As Banks spoke, frustrated parents yelled from the crowd for him to speak into his microphone, as he was barely audible in the back of the packed room.
“You are asking us to get behind your plan, but you are not giving us any details,” one parent said.
Westby Slade, a parent at Eastvalley, whispered to his wife, Patti Slade, “So basically this is a useless meeting.”
Banks was adamant he could not give any details about his plans, but that he proposed a consolidation, not a merger, although the difference in the definition was never clearly explained.
“There’s a lot I wish I could tell you that it is going on behind the scenes, but I can’t.
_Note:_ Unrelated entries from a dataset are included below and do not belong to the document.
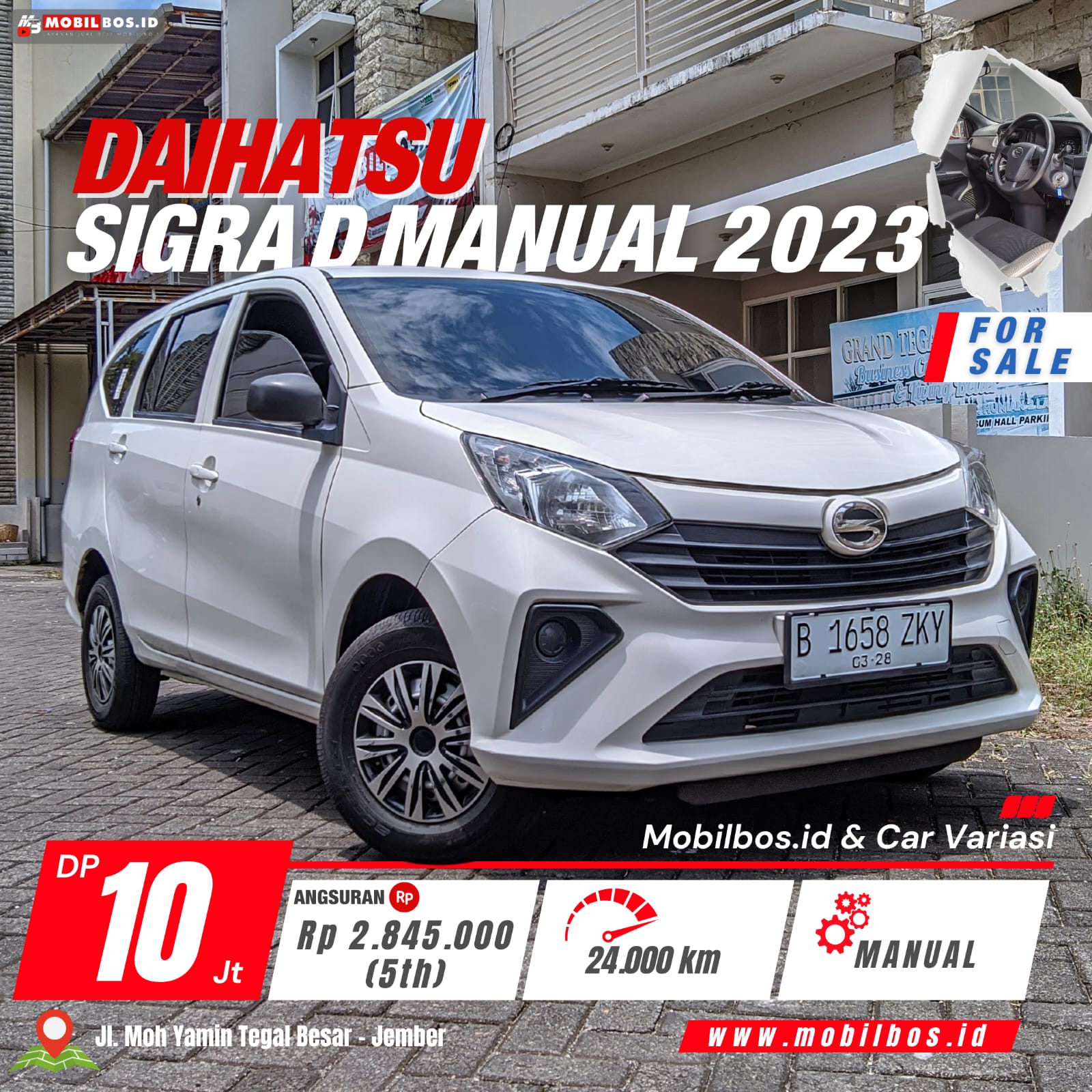 Foto Mobil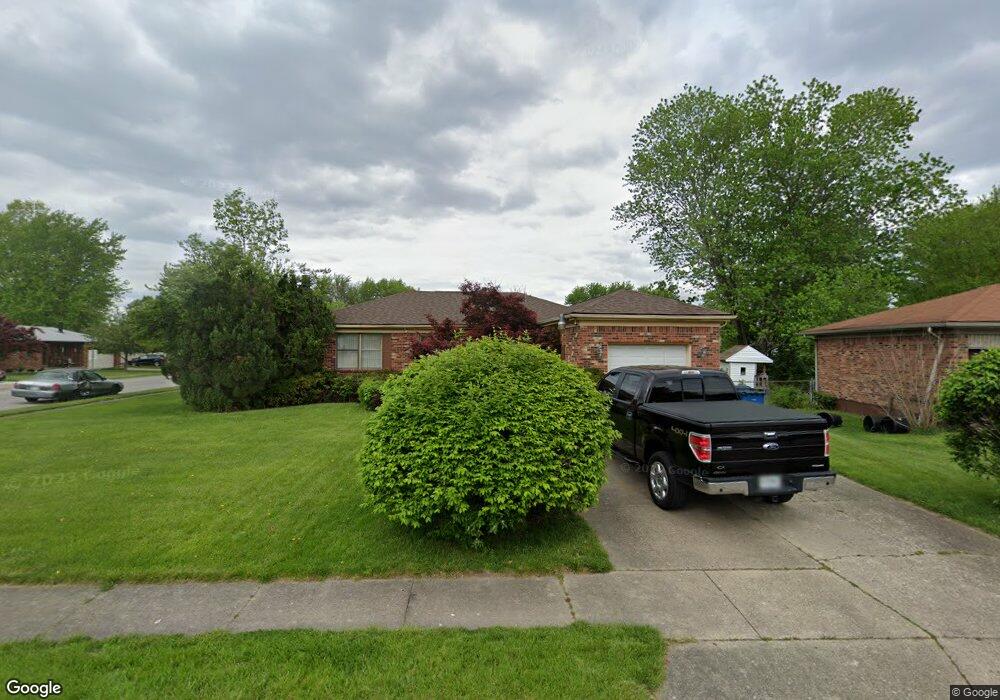3806 Greenfield Ct, New Albany, IN 47150 - photo 1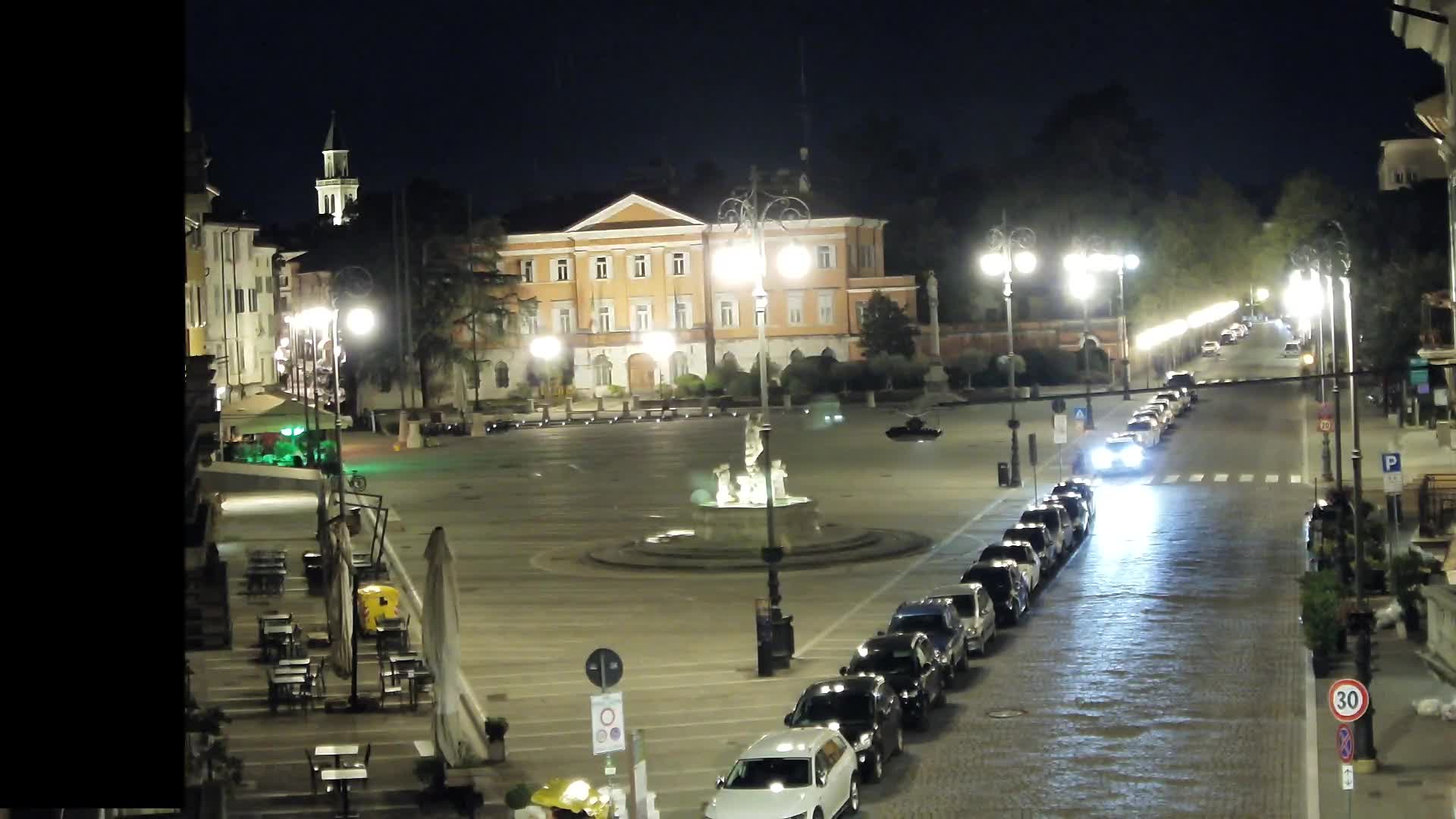 Piazza Vittoria – Gorizia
But let me assure you I will always be looking out for the best interests of my schools,” he said.
When pressed to give details on where the land the new building would be built on, Banks was unable to give any, although he assured parents, “If things work out like I hope they will turn out, there will be land.”
Parents passed quizzical looks around their lunch tables after Banks’ answers to their questions, many burying their heads in their hands.
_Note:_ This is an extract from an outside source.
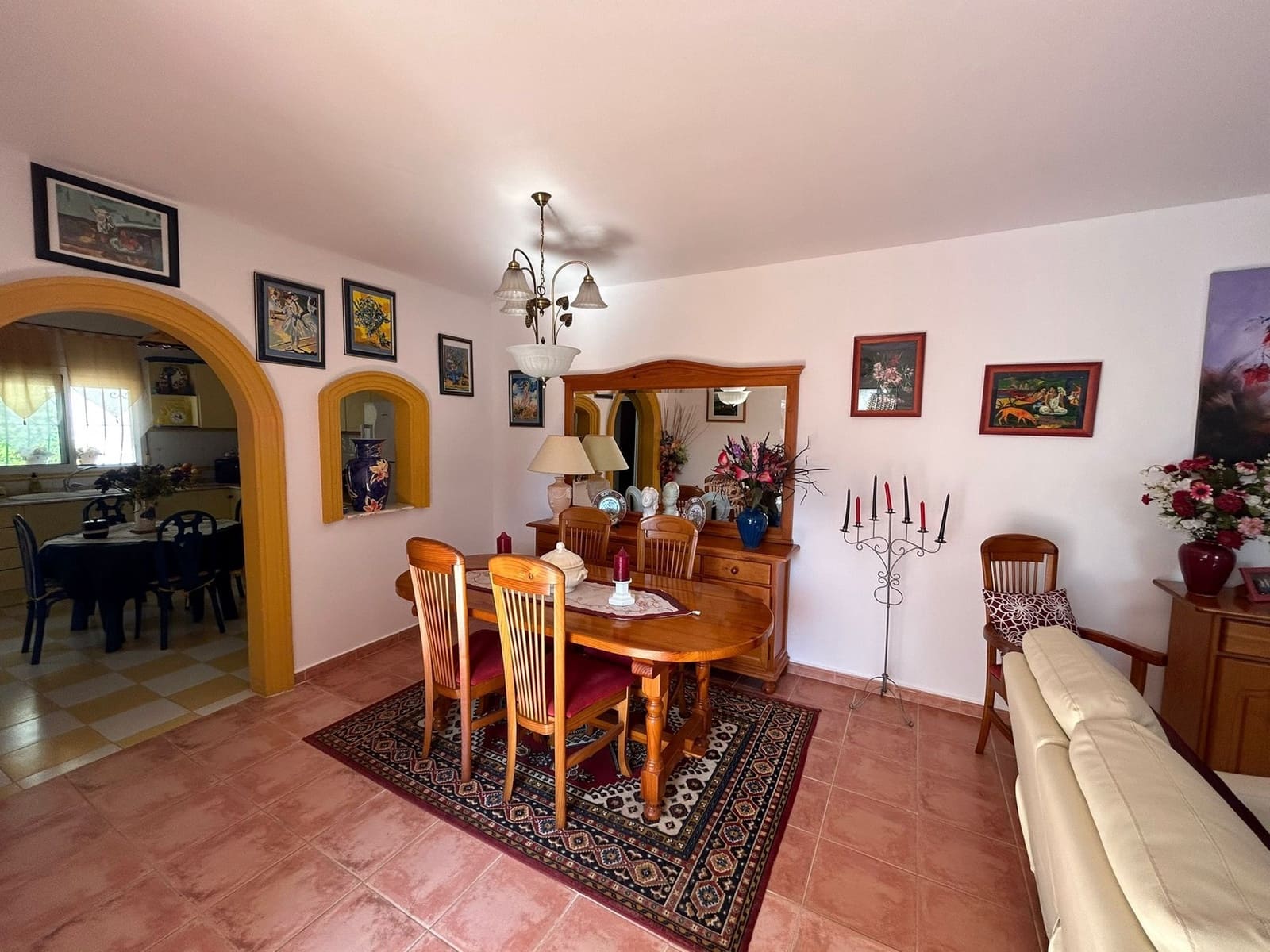 2 bedroom Villa for sale in Rafol de Almunia - € 265,000 (Ref: 10040067)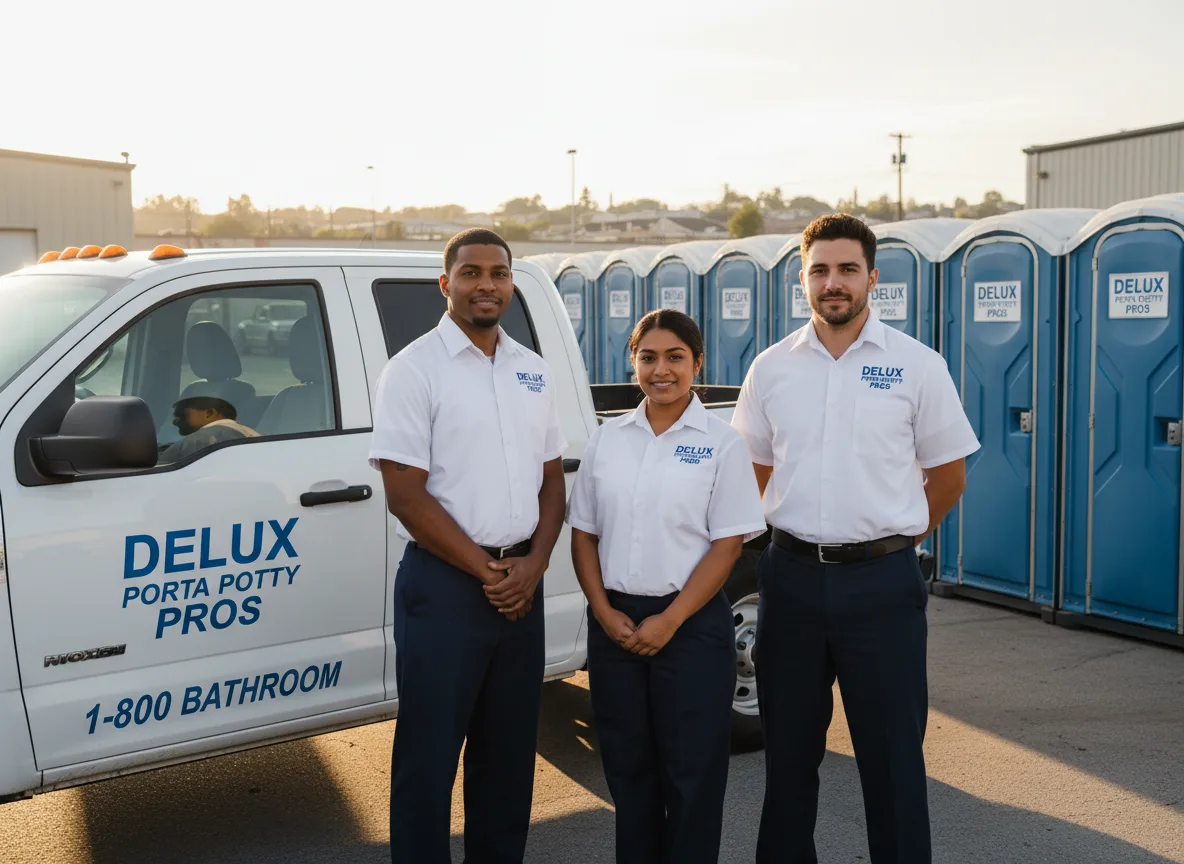 Long-Term Portable Toilet Rental company in Bradgate, IA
“We’re confused, we’re not understanding you right now,” they said.
Banks replied, “I can’t communicate at this point.”
One parent asked the parents for a show of hands of who supported Banks’ proposal.
Not one hand was raised.
Parents were frustrated Banks was not receptive to their concerns, they said.
They planned to meet at the board meeting Thursday night to let the other board members know of their disapproval of Banks’ idea.
“We love this school and community. When I went into the room tonight, I knew most of the parents who were in there, I don’t feel we would get that in a new school,” said Eastvalley PTA Co-President Sarah Kirwan, who has two children at the school.
Banks left the meeting, promising, “There’s a lot of momentum, a lot of shifting, but nothing is secure yet.”
Parents huddled afterwards in the parking lot after the meeting, trying to make sense of what Banks had said.
“Honestly, he’s giving us absolutely no details. We don’t know what we are for or against here, we are all just confused,” said Carol Murray, parent of a kindergartener at Eastvalley.